IMG 4 version of the integrated microbial genomes comparative analysis system

Victor M Markowitz ^1,^*, I-Min A Chen ¹, Krishna Palaniappan ¹, Ken Chu ¹, Ernest Szeto ¹, Manoj Pillay ¹, Anna Ratner ¹, Jinghua Huang ¹, Tanja Woyke ², Marcel Huntemann ², Iain Anderson ², Konstantinos Billis ², Neha Varghese ², Konstantinos Mavromatis ², Amrita Pati ², Natalia N Ivanova ², Nikos C Kyrpides ^2,^*

PMCID: PMC3965111 PMID: 24165883

Abstract

The Integrated Microbial Genomes (IMG) data warehouse integrates genomes from all three domains of life, as well as plasmids, viruses and genome fragments. IMG provides tools for analyzing and reviewing the structural and functional annotations of genomes in a comparative context. IMG’s data content and analytical capabilities have increased continuously since its first version released in 2005. Since the last report published in the 2012 NAR Database Issue, IMG’s annotation and data integration pipelines have evolved while new tools have been added for recording and analyzing single cell genomes, RNA Seq and biosynthetic cluster data. Different IMG datamarts provide support for the analysis of publicly available genomes (IMG/W: http://img.jgi.doe.gov/w), expert review of genome annotations (IMG/ER: http://img.jgi.doe.gov/er) and teaching and training in the area of microbial genome analysis (IMG/EDU: http://img.jgi.doe.gov/edu).

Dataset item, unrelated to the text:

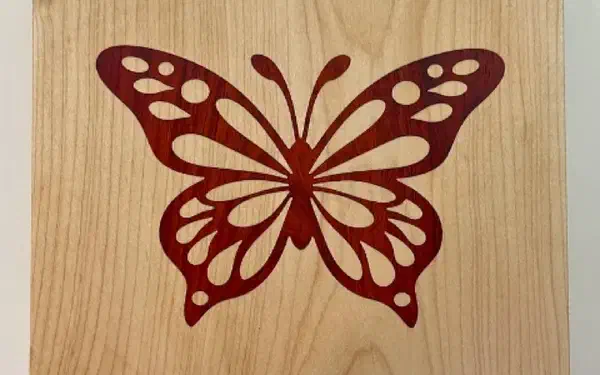 A V-carve inlay with a contrasting wood plug seated in a pocket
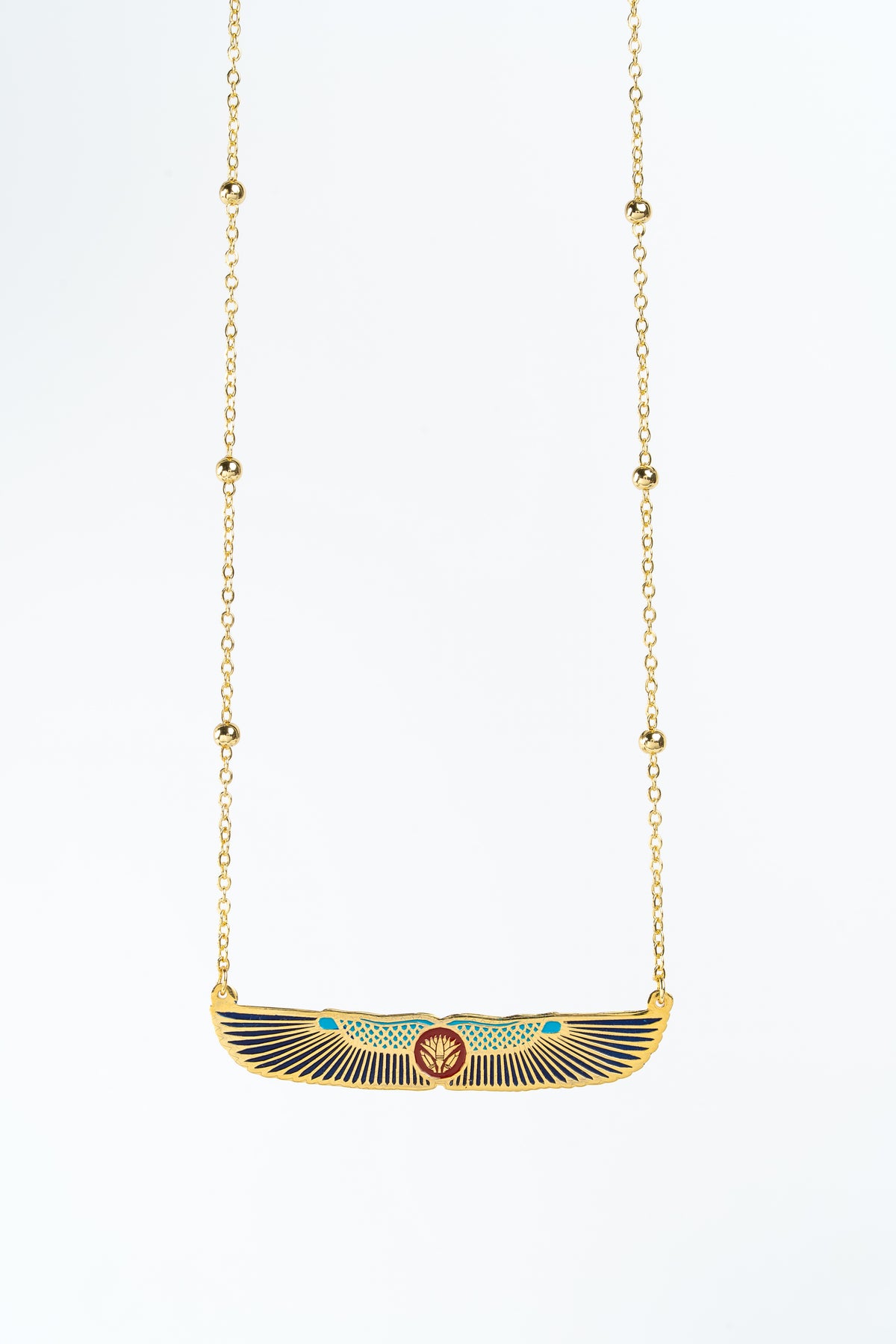 A gold-plated pendant necklace featuring an Egyptian winged lotus in sun motif with navy, blue, and red enamel details, suspended on a delicate gold-toned chain against a plain white background.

DATA SOURCES AND PROCESSING

The Integrated Microbial Genomes (IMG) system integrates genomes from all three domains of life, as well as viruses, plasmids and genome fragments (partial sequences of genomic regions of interest, such as biosynthetic clusters). Until 2012, IMG used NCBI’s RefSeq resource (1) as its main source of public genome sequence data and annotations consisting of predicted genes and protein products, with a RefSeq-specific pipeline used for retrieving new genomes from RefSeq’s ftp site. For non-public (i.e. ‘private’) datasets, the IMG ER Submission system allowed scientists to select their sequencing projects in GOLD (2) and then submit their genome sequence data for annotation and integration into the ‘Expert Review’ version of IMG, IMG/ER (http://img.jgi.doe.gov/er). Public and private genomes were processed using different annotation and data integration pipelines, and recorded in different databases.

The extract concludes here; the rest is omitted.